_WORK ORDER_
Write out all of the data exactly as it appears.

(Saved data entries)
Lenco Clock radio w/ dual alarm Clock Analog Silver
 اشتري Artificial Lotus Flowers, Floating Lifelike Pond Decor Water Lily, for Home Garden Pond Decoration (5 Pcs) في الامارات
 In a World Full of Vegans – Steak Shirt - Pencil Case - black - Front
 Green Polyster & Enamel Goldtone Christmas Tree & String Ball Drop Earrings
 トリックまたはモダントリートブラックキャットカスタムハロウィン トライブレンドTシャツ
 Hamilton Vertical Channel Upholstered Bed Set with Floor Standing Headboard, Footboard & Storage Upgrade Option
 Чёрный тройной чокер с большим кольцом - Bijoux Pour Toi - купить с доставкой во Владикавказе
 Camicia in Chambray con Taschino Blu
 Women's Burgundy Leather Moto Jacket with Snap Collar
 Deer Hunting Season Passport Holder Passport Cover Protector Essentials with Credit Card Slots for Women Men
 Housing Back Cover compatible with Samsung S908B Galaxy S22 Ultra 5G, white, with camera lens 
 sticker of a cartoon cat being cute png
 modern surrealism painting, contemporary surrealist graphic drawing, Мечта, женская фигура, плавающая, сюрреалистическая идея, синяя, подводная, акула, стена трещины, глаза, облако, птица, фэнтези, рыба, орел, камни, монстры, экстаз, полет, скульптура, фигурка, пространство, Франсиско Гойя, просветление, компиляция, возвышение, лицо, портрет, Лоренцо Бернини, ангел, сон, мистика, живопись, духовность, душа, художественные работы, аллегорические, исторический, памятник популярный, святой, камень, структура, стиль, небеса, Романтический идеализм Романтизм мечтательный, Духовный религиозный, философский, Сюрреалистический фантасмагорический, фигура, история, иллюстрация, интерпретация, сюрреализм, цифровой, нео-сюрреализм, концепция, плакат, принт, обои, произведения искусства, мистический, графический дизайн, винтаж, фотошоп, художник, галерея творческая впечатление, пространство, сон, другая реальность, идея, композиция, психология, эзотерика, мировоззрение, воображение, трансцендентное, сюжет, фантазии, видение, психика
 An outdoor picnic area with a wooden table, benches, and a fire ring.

_SOLUTION BELOW_
Lenco Clock radio w/ dual alarm Clock Analog Silver
 اشتري Artificial Lotus Flowers, Floating Lifelike Pond Decor Water Lily, for Home Garden Pond Decoration (5 Pcs) في الامارات
 In a World Full of Vegans – Steak Shirt - Pencil Case - black - Front
 Green Polyster & Enamel Goldtone Christmas Tree & String Ball Drop Earrings
 トリックまたはモダントリートブラックキャットカスタムハロウィン トライブレンドTシャツ
 Hamilton Vertical Channel Upholstered Bed Set with Floor Standing Headboard, Footboard & Storage Upgrade Option
 Чёрный тройной чокер с большим кольцом - Bijoux Pour Toi - купить с доставкой во Владикавказе
 Camicia in Chambray con Taschino Blu
 Women's Burgundy Leather Moto Jacket with Snap Collar
 Deer Hunting Season Passport Holder Passport Cover Protector Essentials with Credit Card Slots for Women Men
 Housing Back Cover compatible with Samsung S908B Galaxy S22 Ultra 5G, white, with camera lens 
 sticker of a cartoon cat being cute png
 modern surrealism painting, contemporary surrealist graphic drawing, Мечта, женская фигура, плавающая, сюрреалистическая идея, синяя, подводная, акула, стена трещины, глаза, облако, птица, фэнтези, рыба, орел, камни, монстры, экстаз, полет, скульптура, фигурка, пространство, Франсиско Гойя, просветление, компиляция, возвышение, лицо, портрет, Лоренцо Бернини, ангел, сон, мистика, живопись, духовность, душа, художественные работы, аллегорические, исторический, памятник популярный, святой, камень, структура, стиль, небеса, Романтический идеализм Романтизм мечтательный, Духовный религиозный, философский, Сюрреалистический фантасмагорический, фигура, история, иллюстрация, интерпретация, сюрреализм, цифровой, нео-сюрреализм, концепция, плакат, принт, обои, произведения искусства, мистический, графический дизайн, винтаж, фотошоп, художник, галерея творческая впечатление, пространство, сон, другая реальность, идея, композиция, психология, эзотерика, мировоззрение, воображение, трансцендентное, сюжет, фантазии, видение, психика
 An outdoor picnic area with a wooden table, benches, and a fire ring.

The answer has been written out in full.